▶ [WHAT THIS TASK INVOLVES] Copy out all of the data word for word. Omit every picture.

▶ [AVAILABLE DATA]
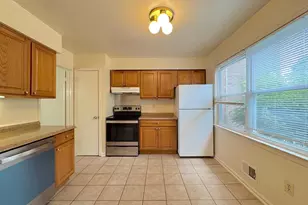 4104 Sideburn Rd, Fairfax, VA 22030 - Photo 4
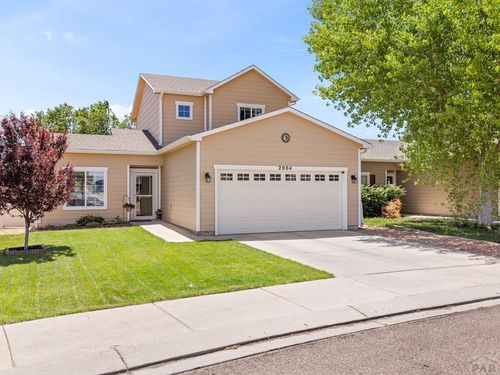 2004 Oneal Pl, Pueblo, CO, 81004-3880 | Card Image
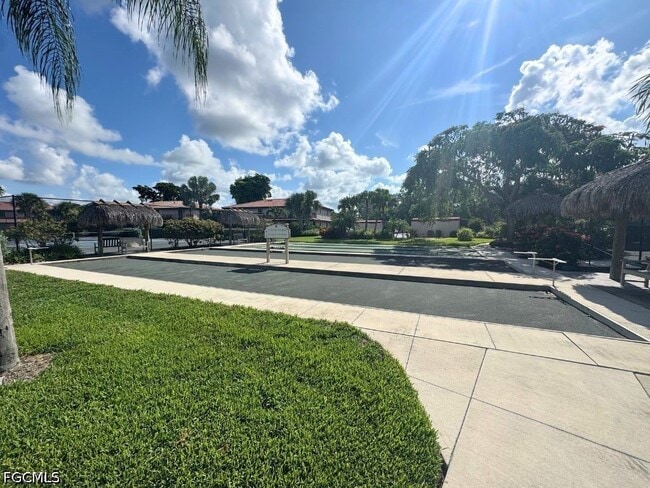 Building Photo - 27810 Hacienda E Blvd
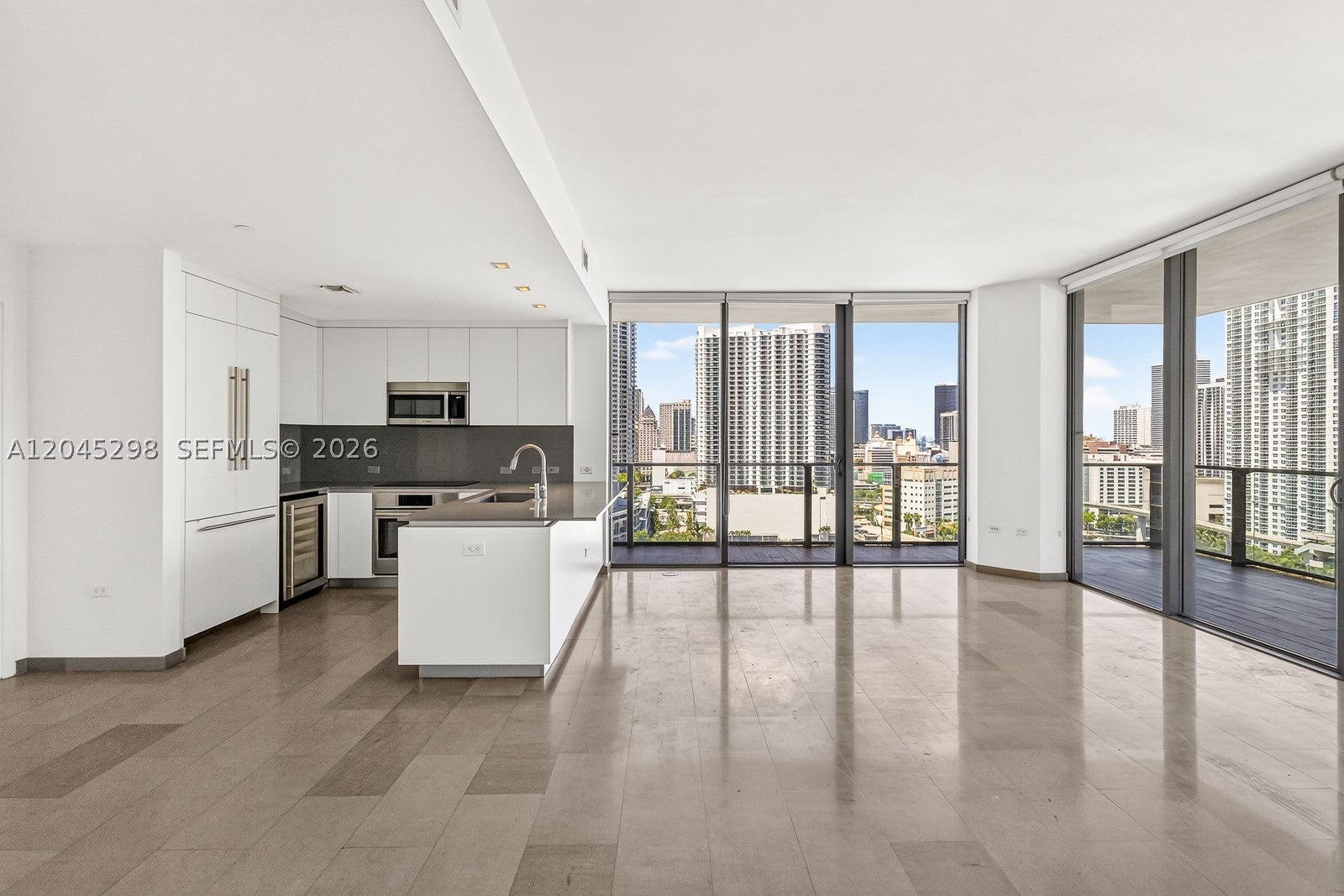 88 SW 7th St 1511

▶ [RESPONSE AREA]
 4104 Sideburn Rd, Fairfax, VA 22030 - Photo 4
 2004 Oneal Pl, Pueblo, CO, 81004-3880 | Card Image
 Building Photo - 27810 Hacienda E Blvd
 88 SW 7th St 1511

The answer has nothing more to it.